Letters to the Editor

This letter is associated with the following article:
Right-wing warmongers invent domestic threats to justify their agenda of wars and expansions of government power.
  • @Paul Dirks and Bryan Hayward

    I’m afraid that I either didn’t illustrate my point clearly, or you’re reading a level of hostility into my comment that frankly isn’t at all evident.

    Labeling Mr. Greenwald “liberal” or “civil libertarian” is far more a distinction without a difference than Mr. Greenwald labeling Mr. Kirchik “right-wing” as a euphemism for “conservative” when Mr. Kirchik isn't really anything of the sort. It is unclear to me how this is “ironic,” given that the vast majority of the time Mr. Greenwald exemplifies, in the best of senses, liberal traditions, whereas Mr. Kirchik is not, if one has bothered to read his work, so easily categorized. Conversely, both of you seem to feel that Mr. Kirchik’s hawkishness and unrepentant (and malodorous) bigotry consign him to “conservatism.” This is, as I pointed out, perfectly illustrative of the adherence to a strange sort of dogma that I criticized Mr. Greenwald for.

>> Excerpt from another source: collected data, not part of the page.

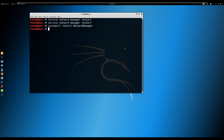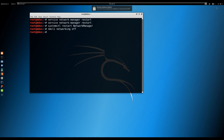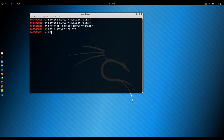Method 3: Using nmcli. To disable the network, you can use the command: nmcli networking off. As you can see, the network icon disappears. To switch the network back on, you can use the command: nmcli networking on.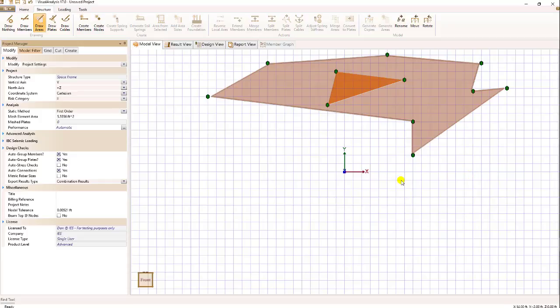So that represents the basic way we manipulate areas in Visual Analysis.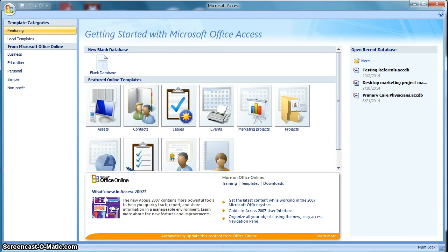Hi, this is Dennis with SuccessfulPractice.net and I want to do a video on creating a marketing database using Microsoft Access.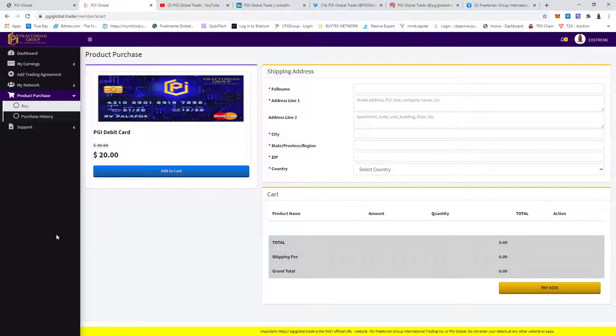Do your own due diligence. This might be an opportunity to get a crypto card. Who knows? If we don't try, we won't know. Take care and have a good one.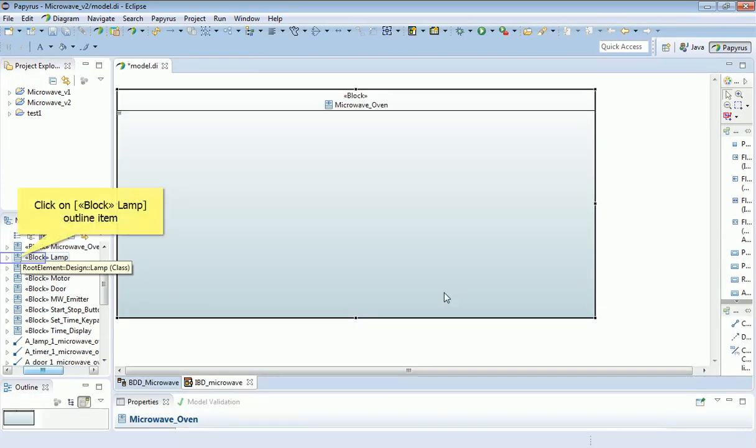Now we can start adding parts to our microwave oven. This is defining the internal structure, and the way we're going to do that is to reuse those blocks which we just defined. Previously we were describing generic types of components, that is blocks, and this is where we actually instantiate them. This is where we actually produce specific parts.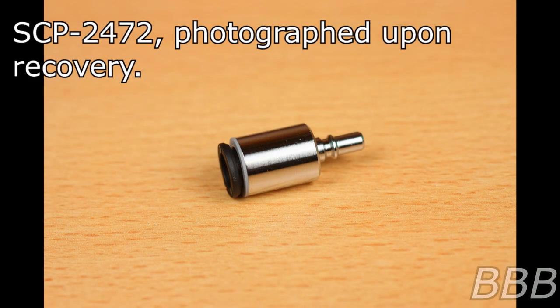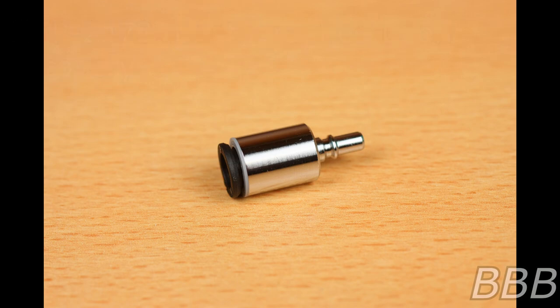Item number SCP-2472. Object class safe. Object class currently under debate.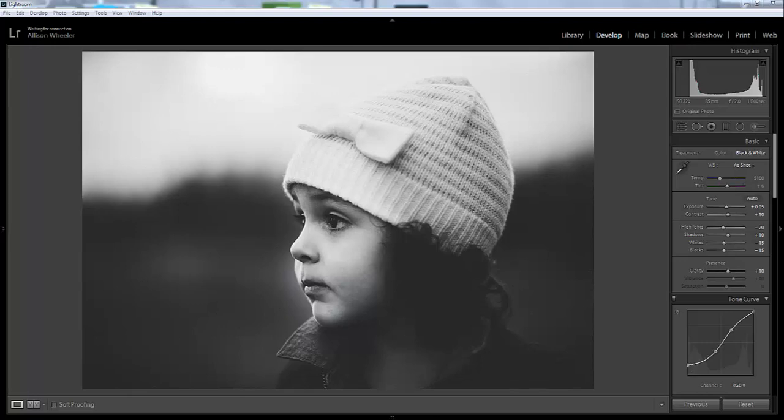Good afternoon, pretty friends. This is Allison Wheeler. I wanted to come on this afternoon and make a very short video explaining a situation that came up in the Facebook group.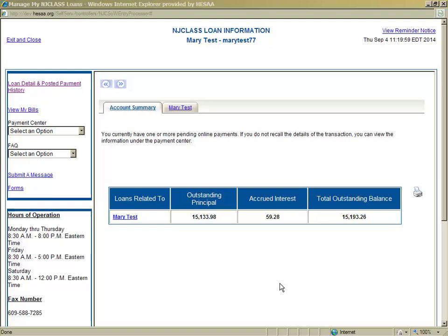Welcome to the NJClass Online Bill Payment System. This short video will guide you through the process of modifying a pending payment for your NJClass loan.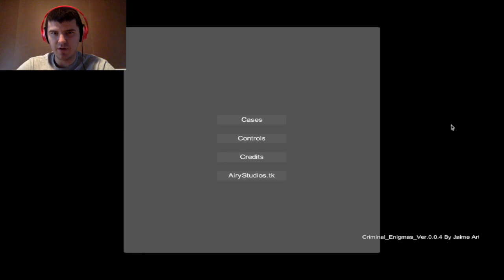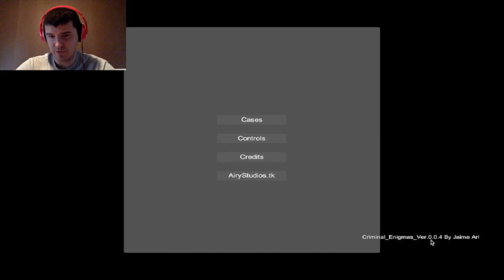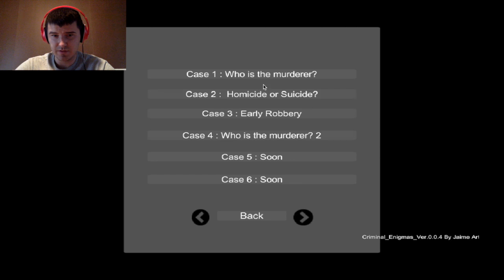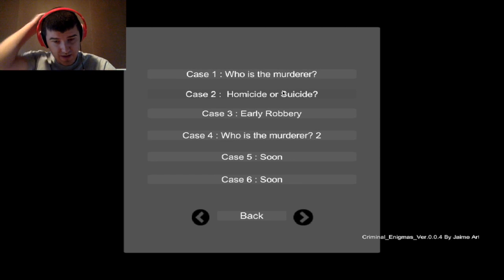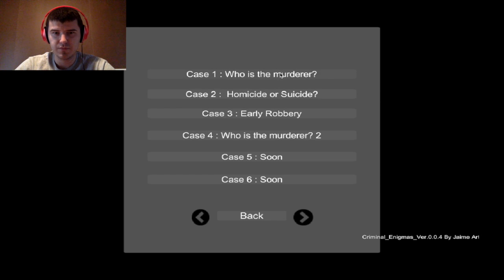Hello everyone, my name is YeagerBR and welcome to Criminal Enigmas. This is a free-to-play game on Game Jolt, currently under development — you can see it's version 0.0.4. Not many cases, only four. You play as a detective trying to solve a murder, homicide or suicide, a robbery, and another murder. So let's get into this.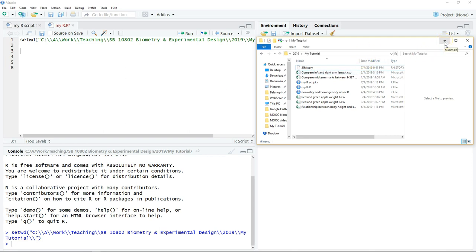This video demonstrates how to make a boxplot when comparing two samples. One is an independent two-sample, another one is paired two-sample.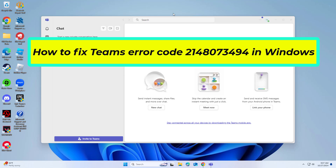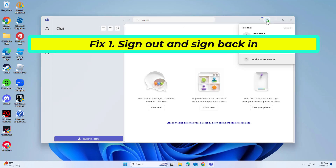How to fix Teams error code 2148073494 in Windows. Signing out and back into Microsoft Teams can refresh your session and resolve any temporary issues with account authentication. Reopen Teams and sign in with your work or school account credentials.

That the right-wing lionizes people who agree with their position on the war is not strange. That we should allow this to set the tone of the debate and likewise charge “fellow travelers” like Mr. Kirchik as being full-blown neoconservatives or right-wingers is not just a logical fallacy, it speaks as a direct contradiction to the liberal tradition.

    The point is not, Mr. Hayward, who “re-aligned” the political spectrum, but that liberals (or civil libertarians, if you must) need not – and indeed must not – buy into it. Using someone's foreign policy position on the Middle East as the bellweather on their political allegiances isn't merely specious, its caustic to reasoned debate.